### WHAT YOU HAVE TO DO
The expected output is an exact copy of each line from the line with "Продава 3-СТАЕН, град" through the end of the data below, with no pictures in it.

———

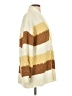 O'Neill 100% Acrylic Ivory Cardigan Size S - photo 4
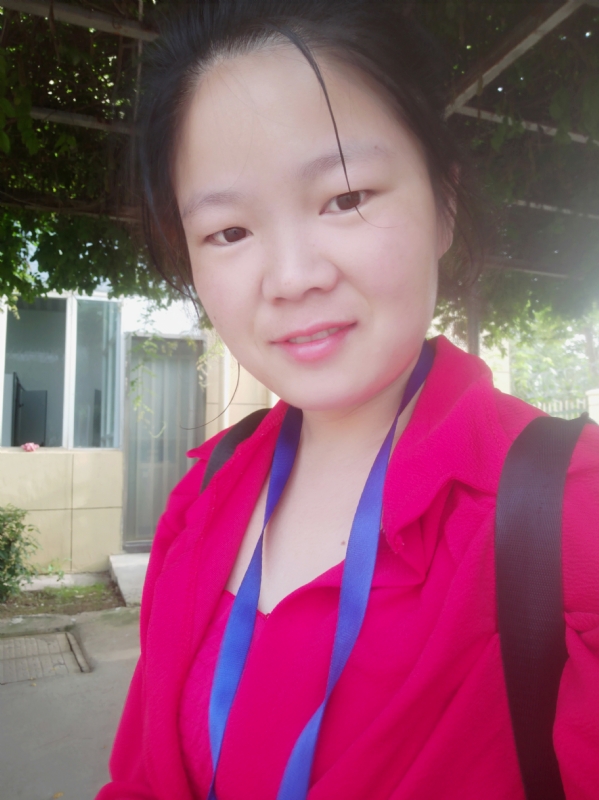 快乐至上的第一张照片--石家庄相亲服务中心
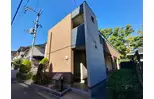 ゴールドクレスト雁屋南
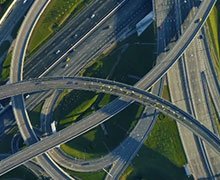 Bonne et heureuse année 2018 avec Colas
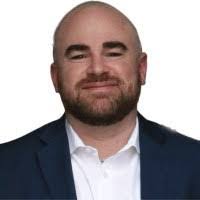 Dana Roark's Instagram, Twitter & Facebook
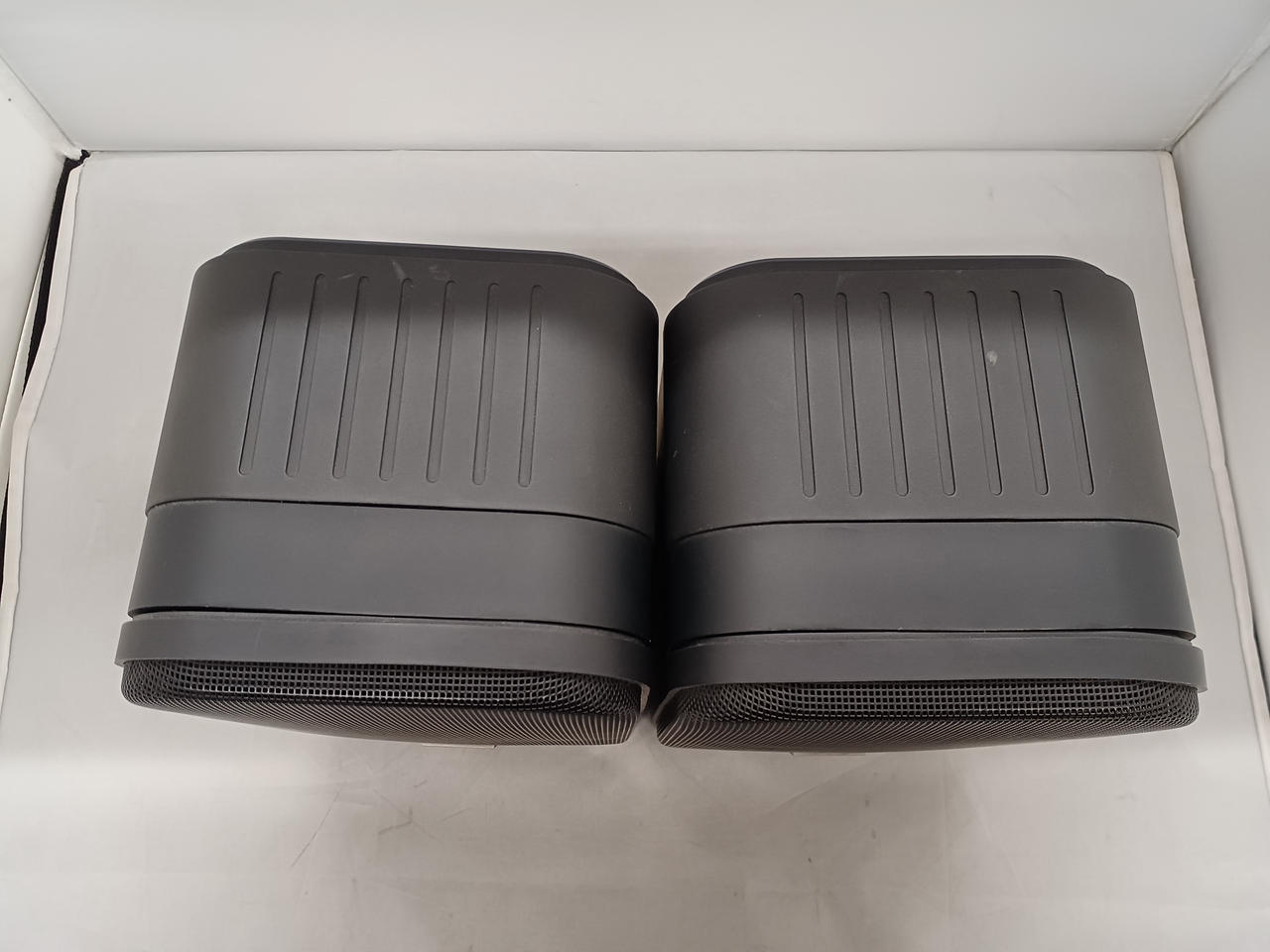 JBL ジェービーエル/ネットワークペア/N500/60807/Bランク/75【中古】 楽天市場】JBL ジェービーエル/ネットワークペア/N500/60807/B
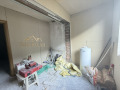 Продава 3-СТАЕН, град Велико Търново, Света гора • 59000 € • 56619632 — Holmes.bg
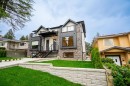 2-128 Grosvenor Avenue N, Burnaby, BC 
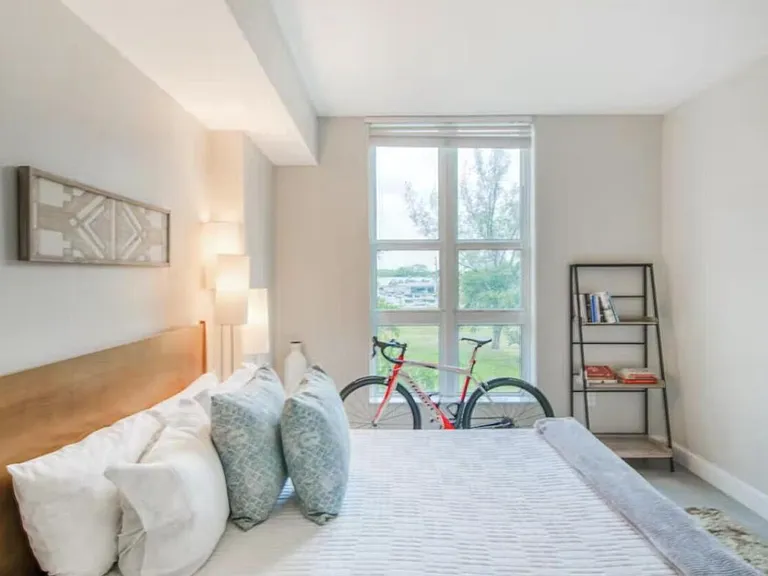 480 Hibiscus St #229 — Photo 5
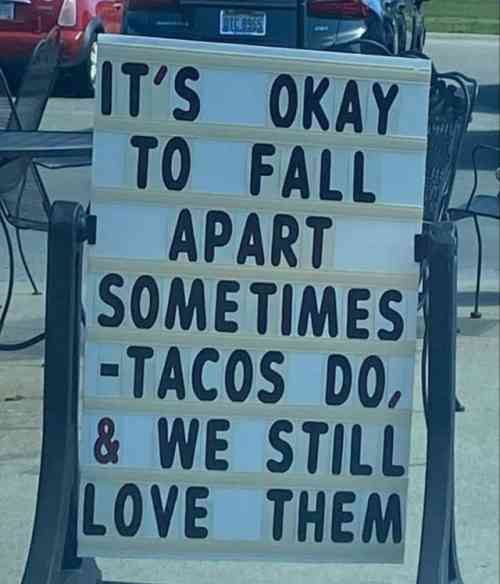 tacos-fall-apart-too.jpg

———

### YOUR SOLUTION
 Продава 3-СТАЕН, град Велико Търново, Света гора • 59000 € • 56619632 — Holmes.bg
 2-128 Grosvenor Avenue N, Burnaby, BC 
 480 Hibiscus St #229 — Photo 5
 tacos-fall-apart-too.jpg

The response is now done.